■ Prompt
Keep every word of the listing and drop the images when you write it out.

■ Data for analysis
____
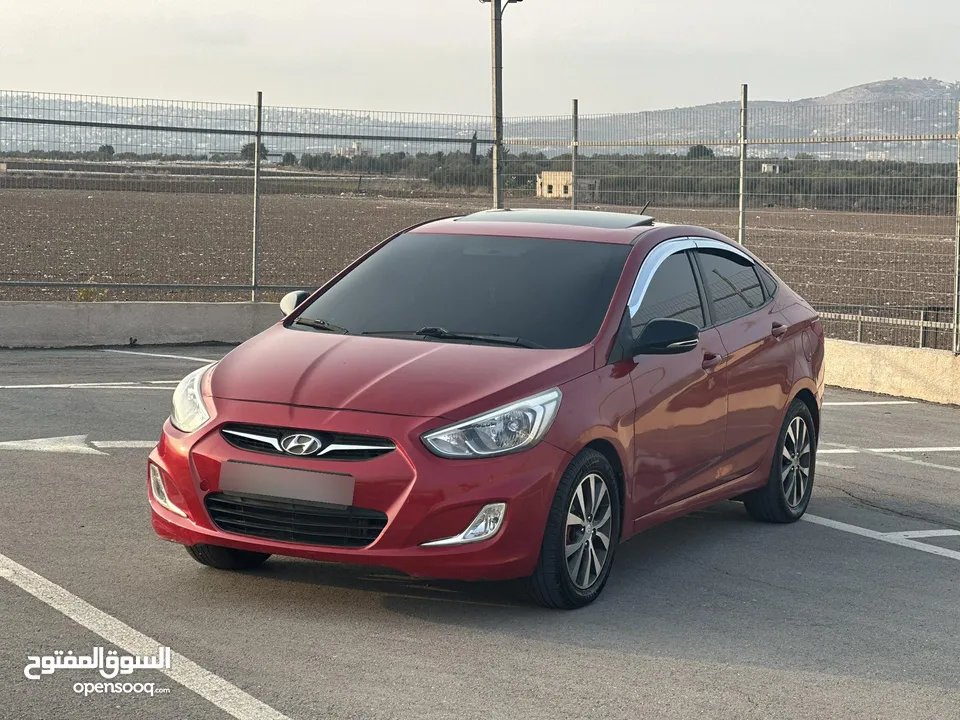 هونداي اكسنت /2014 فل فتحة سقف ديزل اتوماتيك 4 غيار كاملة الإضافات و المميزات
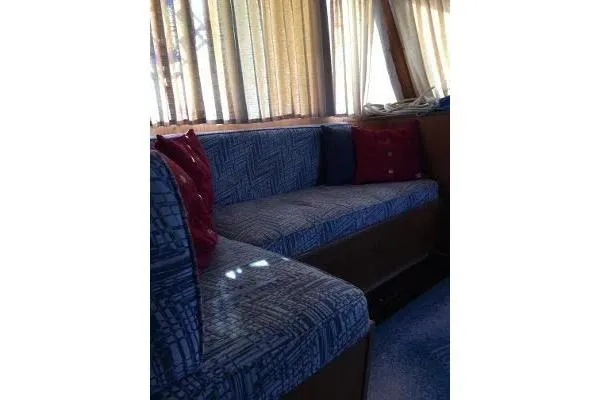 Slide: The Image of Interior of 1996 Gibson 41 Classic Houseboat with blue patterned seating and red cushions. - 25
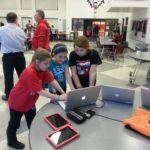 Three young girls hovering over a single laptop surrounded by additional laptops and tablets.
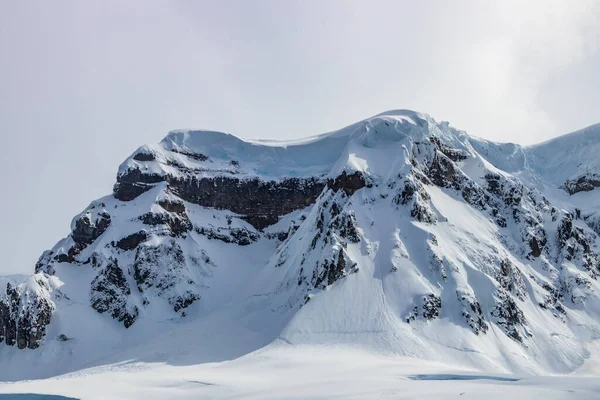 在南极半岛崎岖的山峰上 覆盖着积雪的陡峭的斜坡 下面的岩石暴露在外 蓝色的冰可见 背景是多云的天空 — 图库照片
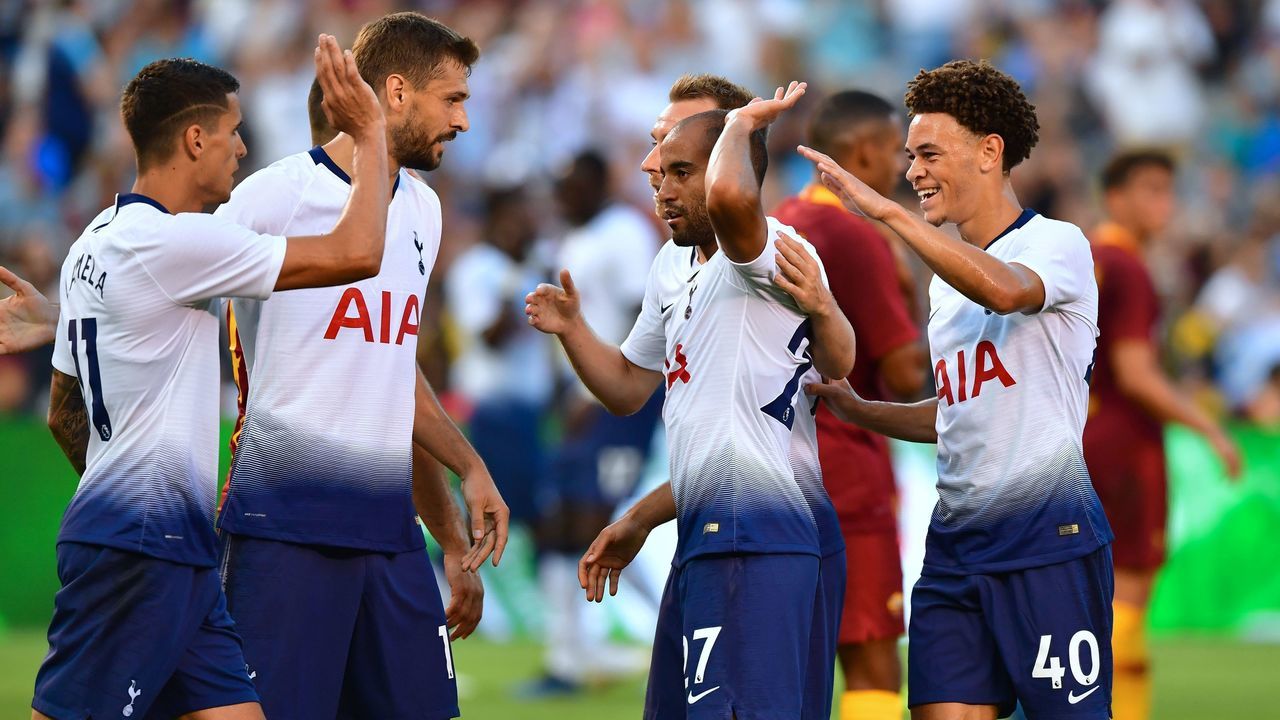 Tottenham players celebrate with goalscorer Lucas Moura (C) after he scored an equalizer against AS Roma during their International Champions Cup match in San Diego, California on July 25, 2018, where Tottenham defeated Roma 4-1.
____
■ Answer area
 هونداي اكسنت /2014 فل فتحة سقف ديزل اتوماتيك 4 غيار كاملة الإضافات و المميزات
 Slide: The Image of Interior of 1996 Gibson 41 Classic Houseboat with blue patterned seating and red cushions. - 25
 Three young girls hovering over a single laptop surrounded by additional laptops and tablets.
 在南极半岛崎岖的山峰上 覆盖着积雪的陡峭的斜坡 下面的岩石暴露在外 蓝色的冰可见 背景是多云的天空 — 图库照片
 Tottenham players celebrate with goalscorer Lucas Moura (C) after he scored an equalizer against AS Roma during their International Champions Cup match in San Diego, California on July 25, 2018, where Tottenham defeated Roma 4-1.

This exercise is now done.